She sauntered around puddles and crunched over small rock piles inside the lot as she headed across. White fences, leafy green trees, and orange-tiled roofs came into view. She kept going, mildly disturbed. She could handle the backstabbing. It was only words. They meant nothing. She knew the reason they talked. She didn't push hard enough to sell drinks to the tourist crowd.

Yeah, right
. The tourist crowd. She had the image stapled to her brain. How could she forget them? A rowdy bunch of fair-skinned, European males in their early twenties, around her age. They came in nightly, reeking of spicy food and stale beer from partying somewhere else. It was hard getting close. It was hard being cordial. With glazed eyes and red, bloated faces, they drank one after another, sandwiched in between a workforce of smiling, doting, and manipulative, young females.

The girls knew how to play them, how to lay on the charm. Under the bright, colored lights of a huge wrap-around bar that took up half the main floor, they partied with the bar crowd far into the night.
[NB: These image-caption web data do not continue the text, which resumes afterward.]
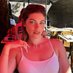 Alyssa (@alyssa171288) Twitter profile photo Alyssa (@alyssa171288) Twitter profile photo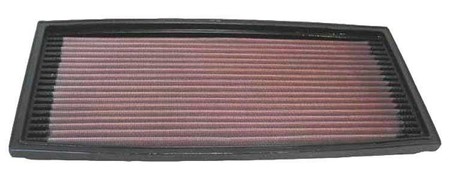 K&N Panel Filter 33 - 2078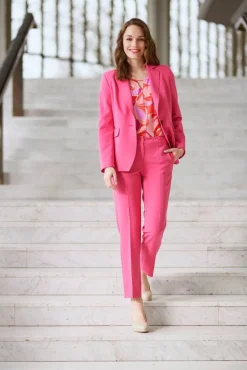 Sale Vilderson housut Inna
Tepid tea disguised as lady drinks went for $5 a pop. The ladies guzzled them down one after another, shaking down the customers with ice cubes still frozen at the bottom of their empty cocktail glasses.
One more dink? One more dink for good time. Wah you tink? Huh, Mista?
Zee had programmed his girls to perform with the same hard, driving intensity that dominated his own self-absorbed, egocentric nature.

I hate that place. Hate it! Hate it! Hate it!
Suma screamed in her head as she hurried on. She reached the deserted side street and tramped on, getting close to the Riser Room. The bar received billing as the hottest disco club on Koh Phangan Island.

“Welcome. Welcome my bahr, Mista. Welcome.” Young girls, scantily clothed, lined up two rows deep on the sidewalk outside the bar every night, trying to attract new customers.

“Come in. Get it up fas' in Liza Loom. You see.” A little giggle, then, “We alway' good take care. How you know you never try, huh, Mista?”

Voices wafted through the hot, humid air, and a crowd came in every night, lured by the soft, titillating sound of female voices and promises of short-time sex. It was a very good system. It made sense to Bennie Zee. Suma was getting closer to the bar, now.
Surprise, Surprise,
she'd tell them, popping in through the front doors like a jack-in-the box.
Lawan won't be happy I'm late, but I'll tell her. Heck, I'll tell all of them. Better late than never. At least I didn't dump a shift.

She didn't know how well that would go over, but she didn't care—well, she did,
and
she didn't. She had so many things cluttering up her mind right now, and Seabury was at the top of the list.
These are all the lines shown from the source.